Drivers of cars and big rigs alike sat in their vehicles and stewed as the lines of traffic stretched farther than they could see.
One hour turned to another, and the stretch of freeway that carries 215,000 vehicles a day remained gridlocked as morning turned to afternoon. More than four hours later, a man in a white T-shirt wanted in the reported kidnapping of a young woman late last year emerged from a maroon Ford minivan in South Gate and gave himself up.
Just as the afternoon rush hour was getting into full swing about 4 p.m., traffic began to roll on the 710 Freeway, but it would be hours before the flow returned to normal on one of the region's key arteries.

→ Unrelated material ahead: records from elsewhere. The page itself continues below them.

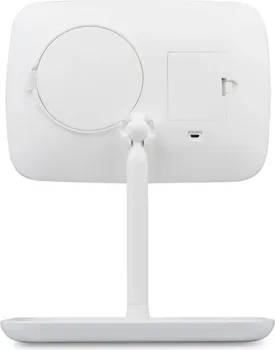 MEDISANA KOZMETIČKO OGLEDALO CM848 (3 / 7)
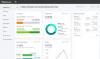 Photo for quickbooks support | quickbooks.com | quickbooks online login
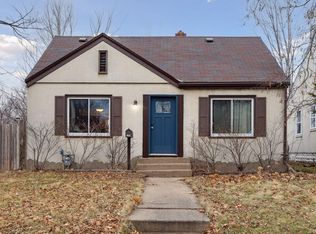 1721 Sherwood Ave, Saint Paul, MN 55106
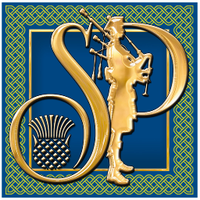 Scottishpipe (@scottishpipecom) 's Twitter Profile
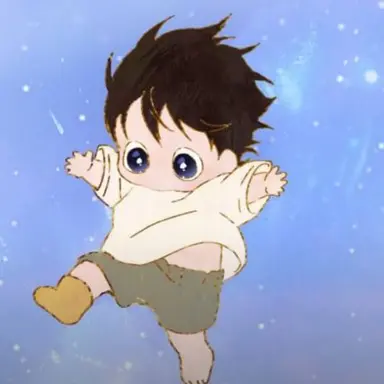 Profile image of 안신우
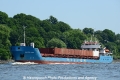 Wilson Elbe 080613-01.jpg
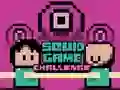 Jeu Challenge du Jeu du Calmar en Ligne en ligne Jeu Challenge du Jeu du Calmar en Ligne en ligne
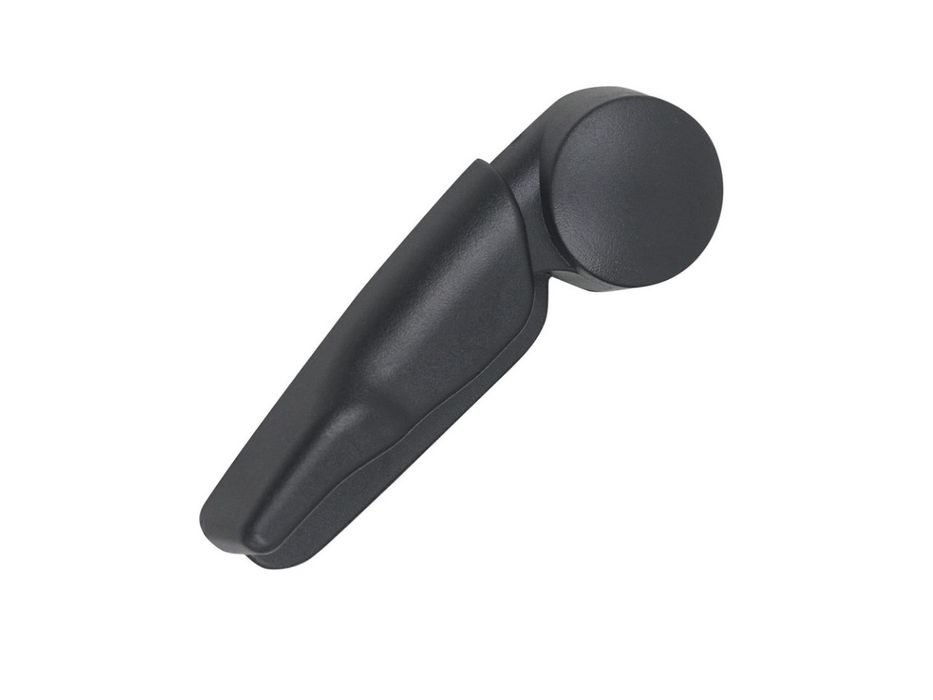 Дръжка за седала на Mercedes GL-Class X164 (2006-2012)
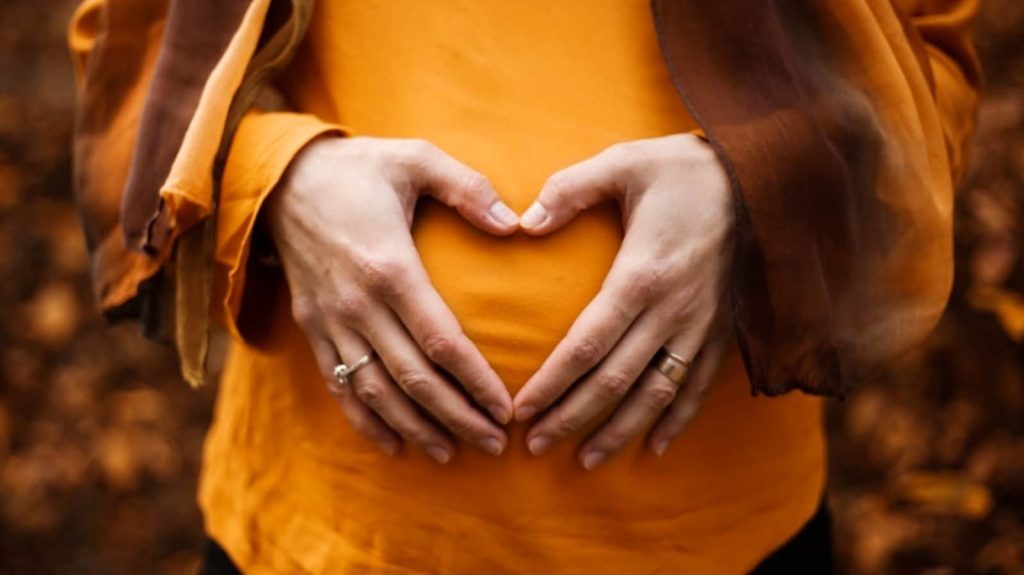Struggling to conceive? Hormone expert details glucose mistakes that might be affecting fertility, suggests changes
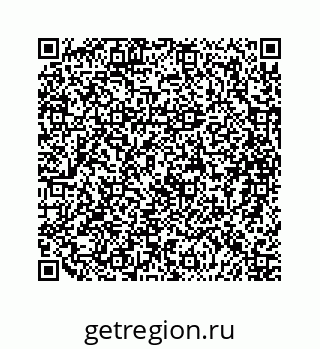 79088879311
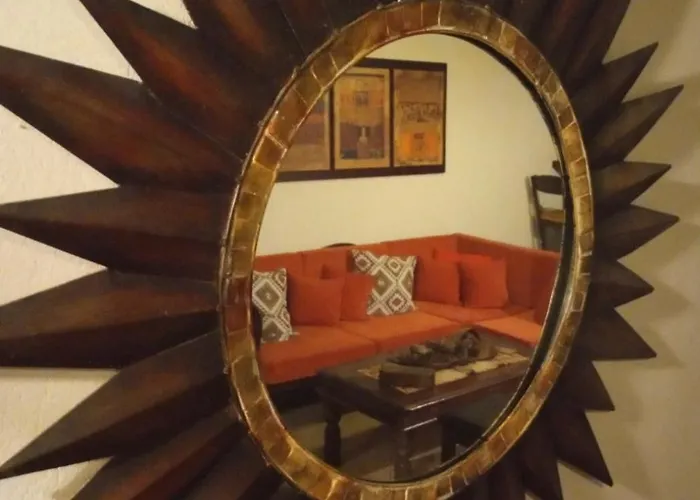 Evilion Traditional בית הארחה Plakoton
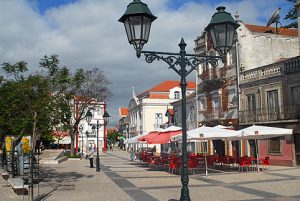 2o_Barreiro_Alcochete 138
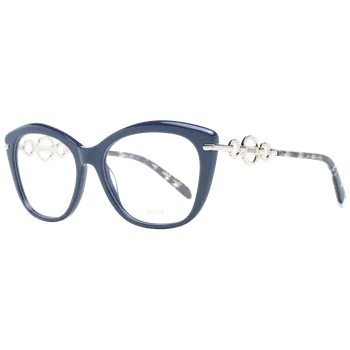 Brýlová obroučka Pucci obroučky na dioptrické brýle EP5163 090 55 - Dámské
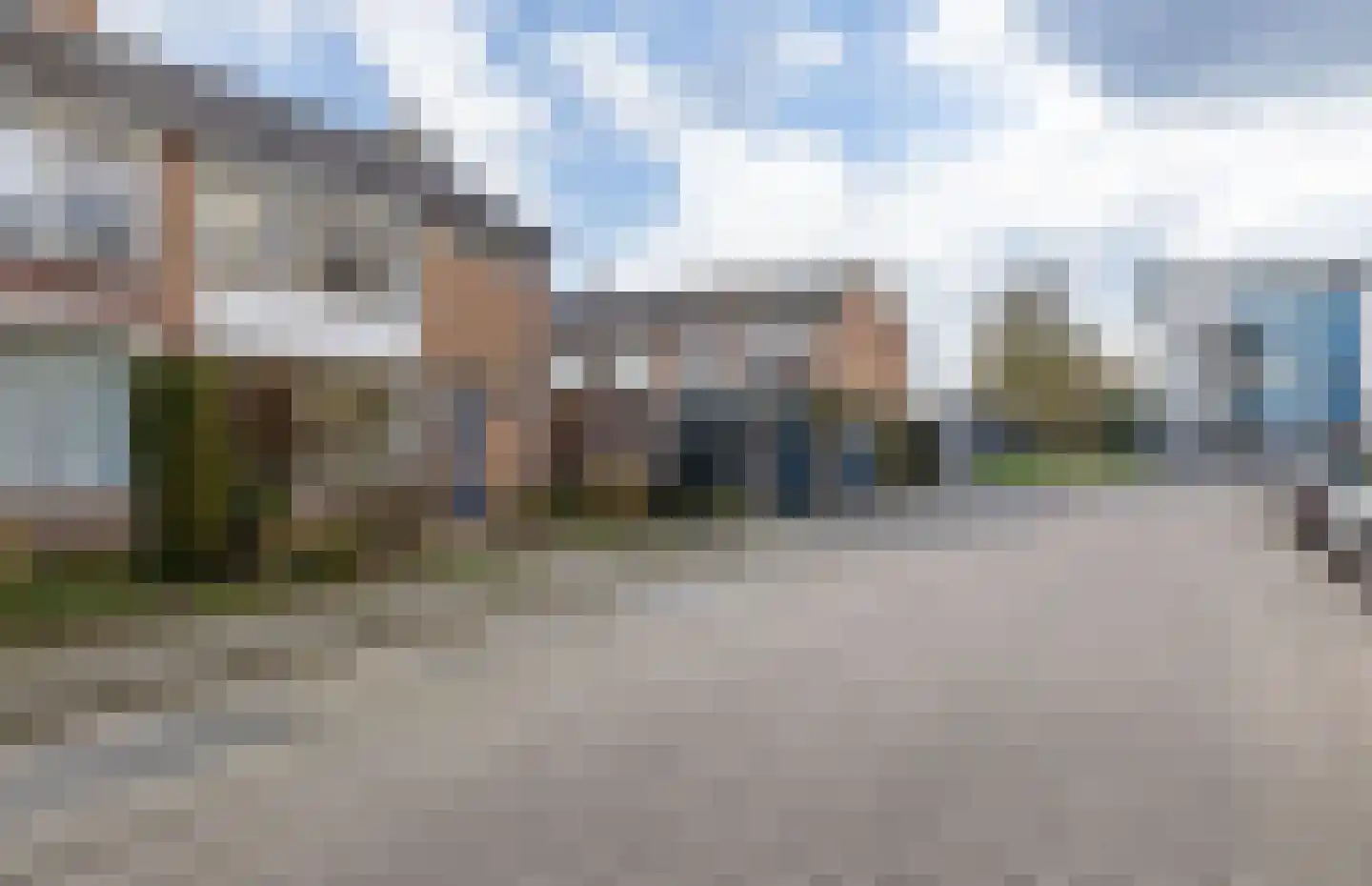Rooseveltstraat 13 Venray thumbnail 34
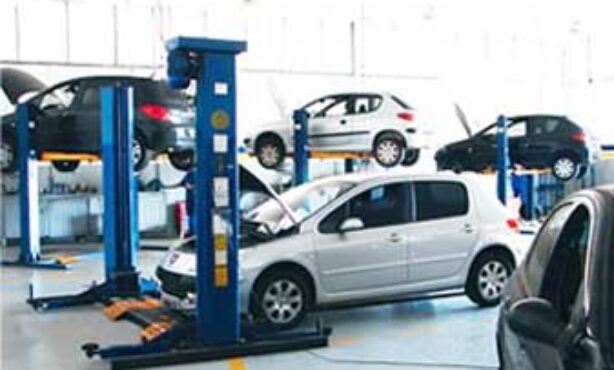 Auto Mecânica Bill - Foto 1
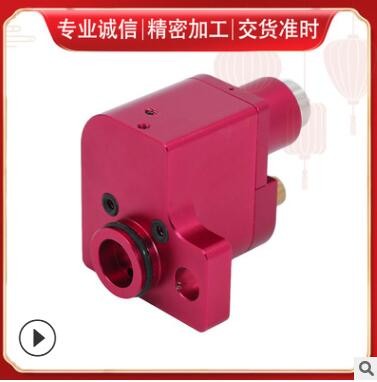 東莞CNC數(shù)控車(chē)床鋁合金 數(shù)控切削機(jī) 數(shù)控五金車(chē)削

The congestion spilled over to other freeways across southeastern Los Angeles County, particularly the Harbor, San Diego and 605, as motorists and trucks -- robbed of the main route between the ports of Los Angeles and Long Beach and points inland -- searched for alternative routes.
Trips that normally took 30 minutes turned into hours-long ordeals, as the California Highway Patrol closed off about seven miles of the 710 in both directions between East Los Angeles and Lynwood.
"You have the largest concentration of trucks -- probably in the world -- on a very small footprint, between the ports and the rail yards," said Patti Senecal, vice president of Transport Express, a trucking and distribution center in Rancho Dominguez struggling to cope with the gridlock. "So every freeway hiccup, we feel. Instantly."
Trucker Vincent Bayliss, 42, was hauling a load for Whole Foods Market when he got caught in a traffic jam a few blocks from the standoff.
Congestion on surface streets was so bad that he could only get out of his truck and stand, frustrated, near Firestone Boulevard and Rayo Avenue in South Gate, unable to keep his delivery schedule.
"I am a bit upset," he said. "I like to be on time."
But a nearby trucker was more philosophical as he waited out the backup.
"I am cool," said Ronnie Roush, 27, of Florence Food Delivery. "I get paid by the hour."
More than two hours after the freeway was closed, a man was killed in an accident a few miles north of the blockage as vehicles slowed suddenly for traffic, according to the Highway Patrol.